WARSAW, Poland (AP) — On the heels of electoral defeat four years ago, Polish right-wing party leader Jaroslaw Kaczynski stood before supporters and declared that eventually victory would be theirs. "I am convinced the day is coming," he told his followers, "when we will have Budapest in Warsaw."
It was an expression of admiration for Hungary under Prime Minister Viktor Orban, who has consolidated power by weakening the judiciary, the media and other institutions in a manner condemned by Western powers as undemocratic.
Now, with Kaczynski's Law and Justice party back in power since last month, critics say he is making good on that 2011 promise as the government speeds to embark on a path reminiscent of Hungary's.
On Tuesday the parliament, dominated by Law and Justice, approved a controversial new bill that will paralyze the Constitutional Tribunal, essentially eliminating the top legislative court's ability to act as a check on new laws. One of the party's next goals is to consolidate its hold over state media, which is expected to bring a purge of journalists who are critical of the new government.

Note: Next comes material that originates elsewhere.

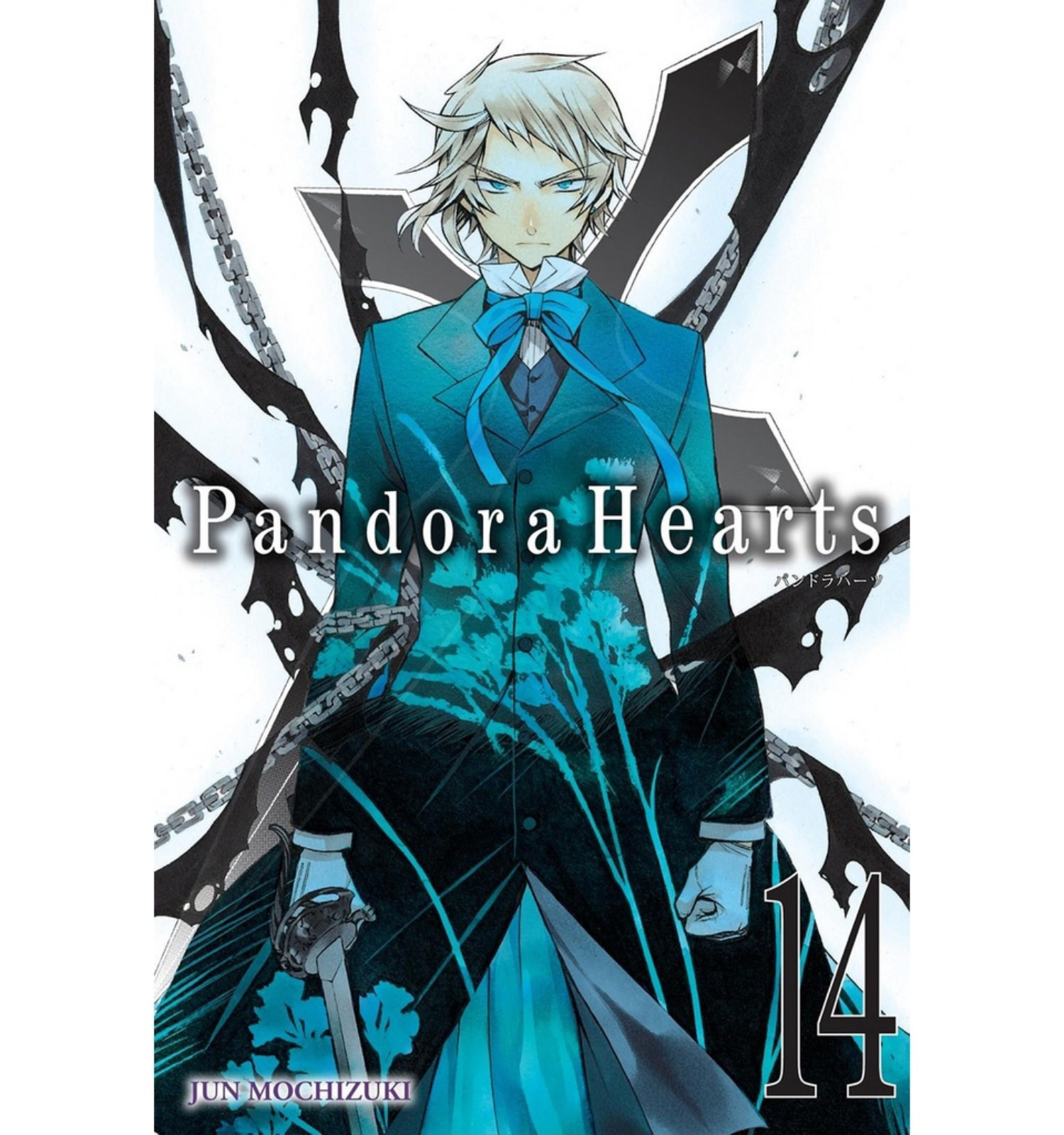 Pandora Hearts Manga Complete Loose Set Volumen 1-24 Spain | Ubuy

The move against the court raised deep concern in the European Union, with a top member of the EU executive writing to Poland's foreign and justice ministries on the matter Wednesday.
Commission Vice-President Frans Timmermans urged Polish authorities not to enforce the new legislation "until all questions regarding the impact of this law on the independence and functioning of the Constitutional Tribunal have been fully and properly assessed."
"The rule of law is one of the common values upon which the (EU) is founded," Timmermans wrote.
But the ruling party says it has a mandate for deep social change after voters gave it the strongest victory a party has ever enjoyed in post-communist Poland: a clear majority of seats in parliament and the ability to rule without a coalition partner. The party also won the presidency earlier in the year.
It says it must make changes to the tribunal because the court is filled with appointees from the previous government who will block its mandate for change.
The tribunal's job is to examine contested legislation to ensure it does not violate the constitution. Its members are legal professionals appointed by the parliament. The court is now filled with many appointments made by the centrist Civic Platform party, which held power for eight years. The last time Law and Justice held power, from 2005 to 2007, it saw its ambitions for deep change stifled by the court.
Changes it wants include greater state spending on the economically disadvantaged and pushing for other shifts consistent with Law and Justice's Catholic, nationalistic and anti-migrant agenda.
But civil rights observers decry what they see as a backsliding of democracy in a part of Europe that emerged from dictatorship only 26 years ago. Poland is of special concern, since with nearly 38 million people it's the largest nation in the region and the one that has been considered a huge economic and political success.
"This government acts against Poland, against our achievements, against freedom, against democracy," Lech Walesa, the former president and founder of the anti-communist Solidarity movement, said Wednesday on Radio Zet. "It is causing us ridicule around the world."
The drama that played out late Tuesday in the Sejm, the lower house of parliament, was dramatic. One by one, opposition lawmakers stood to denounce the legislation as the death-knell to Poland's constitutional and democratic order. Then a Law and Justice lawmaker, Stanislaw Piotrowicz, stood up and denounced those who claim to be fighting for democracy.
"The defense of democracy is just a smoke screen. You are defending dark interests," he told opposition lawmakers, sparking an uproar in the chamber and chants of "Down with communism!"
Several human rights groups, including Amnesty International and the Helsinki Foundation for Human Rights, said the new legislation "compromises civil rights and liberties."
"From now on, the Polish Constitution will play a similar role as it did during the communist era, namely there will be no mechanism to compel the ruling party to abide by it," said Jacek Kucharczyk, director of the Institute of Public Affairs, a think tank in Warsaw.
Tens of thousands of Poles — among them many who belonged to Walesa's Solidarity movement — turned out for anti-government street protests over the past two weekends, chanting "Constitution!" and voicing fears that Poland's democracy is at risk. A large pro-government demonstration also took place in Warsaw, with Kaczynski defending the moves to change the court, saying they are necessary to fight the cronyism of the previous political elite.
All of this has raised alarms abroad as well.
A critical editorial Wednesday in the Washington Post suggested that President Barack Obama should intervene and on Monday, the foreign minister of Luxembourg — which holds the rotating EU presidency — called developments in Poland "frightening" and said the EU may have to get involved to try to alter Warsaw's course.
Minister Jean Asselborn told Germany's ZDF television the Polish government apparently doesn't know "that we are a community of values, that we not only can intervene but must intervene if things are going the wrong way in terms of the rule of law."
Lorne Cook in Brussels contributed to this report.